_WHAT IS EXPECTED:_
Begin with the line that holds "Inglesina Aptica Glam" and repeat each line after it exactly, ending with the last line of the listing.

_SOURCE MATERIAL:_
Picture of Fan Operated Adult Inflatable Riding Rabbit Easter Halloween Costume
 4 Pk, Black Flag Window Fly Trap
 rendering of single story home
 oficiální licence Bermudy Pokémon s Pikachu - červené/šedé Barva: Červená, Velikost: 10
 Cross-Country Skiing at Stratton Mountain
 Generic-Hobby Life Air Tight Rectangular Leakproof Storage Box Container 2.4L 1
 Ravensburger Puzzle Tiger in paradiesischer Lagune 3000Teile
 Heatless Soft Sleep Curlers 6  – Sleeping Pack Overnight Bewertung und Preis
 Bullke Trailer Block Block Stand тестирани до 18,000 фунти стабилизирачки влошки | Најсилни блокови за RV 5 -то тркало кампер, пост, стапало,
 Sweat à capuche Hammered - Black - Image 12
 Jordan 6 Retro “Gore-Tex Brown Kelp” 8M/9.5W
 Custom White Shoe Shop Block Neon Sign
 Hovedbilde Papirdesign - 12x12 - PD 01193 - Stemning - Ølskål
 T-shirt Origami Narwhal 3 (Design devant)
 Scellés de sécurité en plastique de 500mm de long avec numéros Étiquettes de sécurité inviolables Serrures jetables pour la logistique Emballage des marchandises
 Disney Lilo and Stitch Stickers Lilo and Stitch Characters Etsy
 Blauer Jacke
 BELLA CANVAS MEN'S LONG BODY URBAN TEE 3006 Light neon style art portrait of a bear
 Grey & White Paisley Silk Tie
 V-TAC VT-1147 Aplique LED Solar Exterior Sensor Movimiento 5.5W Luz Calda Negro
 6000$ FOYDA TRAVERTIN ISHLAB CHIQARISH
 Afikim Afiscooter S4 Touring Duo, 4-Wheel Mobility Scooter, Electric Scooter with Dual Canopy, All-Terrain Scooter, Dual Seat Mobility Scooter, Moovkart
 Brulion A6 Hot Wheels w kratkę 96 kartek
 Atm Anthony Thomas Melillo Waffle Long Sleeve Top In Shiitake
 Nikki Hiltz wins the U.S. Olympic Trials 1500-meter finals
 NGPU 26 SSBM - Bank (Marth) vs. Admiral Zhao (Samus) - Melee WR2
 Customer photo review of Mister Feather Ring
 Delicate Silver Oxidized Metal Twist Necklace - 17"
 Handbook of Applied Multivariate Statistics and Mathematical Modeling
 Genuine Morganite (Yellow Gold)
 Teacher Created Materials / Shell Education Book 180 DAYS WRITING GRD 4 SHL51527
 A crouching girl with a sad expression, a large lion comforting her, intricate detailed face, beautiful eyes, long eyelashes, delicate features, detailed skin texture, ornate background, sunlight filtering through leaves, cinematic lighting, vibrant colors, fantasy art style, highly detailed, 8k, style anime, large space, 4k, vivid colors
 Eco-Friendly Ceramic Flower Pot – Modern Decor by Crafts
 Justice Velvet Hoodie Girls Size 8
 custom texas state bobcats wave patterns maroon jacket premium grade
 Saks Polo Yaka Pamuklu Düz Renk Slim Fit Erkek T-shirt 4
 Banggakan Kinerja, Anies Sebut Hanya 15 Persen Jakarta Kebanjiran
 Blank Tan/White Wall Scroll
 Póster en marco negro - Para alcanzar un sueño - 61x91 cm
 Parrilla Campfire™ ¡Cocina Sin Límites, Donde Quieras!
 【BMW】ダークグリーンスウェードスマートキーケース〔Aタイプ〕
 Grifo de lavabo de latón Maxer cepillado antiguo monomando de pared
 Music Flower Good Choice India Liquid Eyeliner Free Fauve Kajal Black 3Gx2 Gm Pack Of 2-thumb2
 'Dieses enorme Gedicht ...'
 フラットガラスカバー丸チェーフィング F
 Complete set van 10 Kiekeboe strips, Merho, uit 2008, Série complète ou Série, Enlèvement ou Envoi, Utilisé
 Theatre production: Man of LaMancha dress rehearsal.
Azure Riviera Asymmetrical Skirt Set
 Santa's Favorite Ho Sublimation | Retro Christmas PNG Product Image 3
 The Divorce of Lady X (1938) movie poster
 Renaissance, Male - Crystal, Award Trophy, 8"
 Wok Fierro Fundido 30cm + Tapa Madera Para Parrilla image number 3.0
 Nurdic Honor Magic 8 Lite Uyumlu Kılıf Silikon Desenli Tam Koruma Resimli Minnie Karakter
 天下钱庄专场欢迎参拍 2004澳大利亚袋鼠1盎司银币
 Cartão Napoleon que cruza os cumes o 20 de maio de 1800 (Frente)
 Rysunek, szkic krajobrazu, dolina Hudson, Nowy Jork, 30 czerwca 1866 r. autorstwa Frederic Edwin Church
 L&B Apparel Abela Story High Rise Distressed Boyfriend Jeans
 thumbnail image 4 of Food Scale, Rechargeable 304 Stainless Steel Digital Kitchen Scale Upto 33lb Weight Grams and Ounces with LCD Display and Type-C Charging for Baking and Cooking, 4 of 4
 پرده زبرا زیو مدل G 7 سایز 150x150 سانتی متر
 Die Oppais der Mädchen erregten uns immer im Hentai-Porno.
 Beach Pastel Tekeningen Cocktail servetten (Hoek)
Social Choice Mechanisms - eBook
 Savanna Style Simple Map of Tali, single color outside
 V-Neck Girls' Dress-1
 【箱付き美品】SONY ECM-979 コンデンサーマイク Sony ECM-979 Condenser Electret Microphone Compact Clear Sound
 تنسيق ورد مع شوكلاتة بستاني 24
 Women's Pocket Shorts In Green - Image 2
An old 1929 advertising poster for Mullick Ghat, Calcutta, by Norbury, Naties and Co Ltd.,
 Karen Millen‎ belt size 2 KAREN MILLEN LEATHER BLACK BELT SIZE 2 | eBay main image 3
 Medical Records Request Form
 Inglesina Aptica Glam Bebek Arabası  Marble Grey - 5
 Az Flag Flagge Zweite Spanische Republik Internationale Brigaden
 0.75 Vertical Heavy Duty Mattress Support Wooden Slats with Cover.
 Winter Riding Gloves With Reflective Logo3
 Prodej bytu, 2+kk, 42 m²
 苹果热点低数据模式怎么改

_TASK ANSWER:_
 Inglesina Aptica Glam Bebek Arabası  Marble Grey - 5
 Az Flag Flagge Zweite Spanische Republik Internationale Brigaden
 0.75 Vertical Heavy Duty Mattress Support Wooden Slats with Cover.
 Winter Riding Gloves With Reflective Logo3
 Prodej bytu, 2+kk, 42 m²
 苹果热点低数据模式怎么改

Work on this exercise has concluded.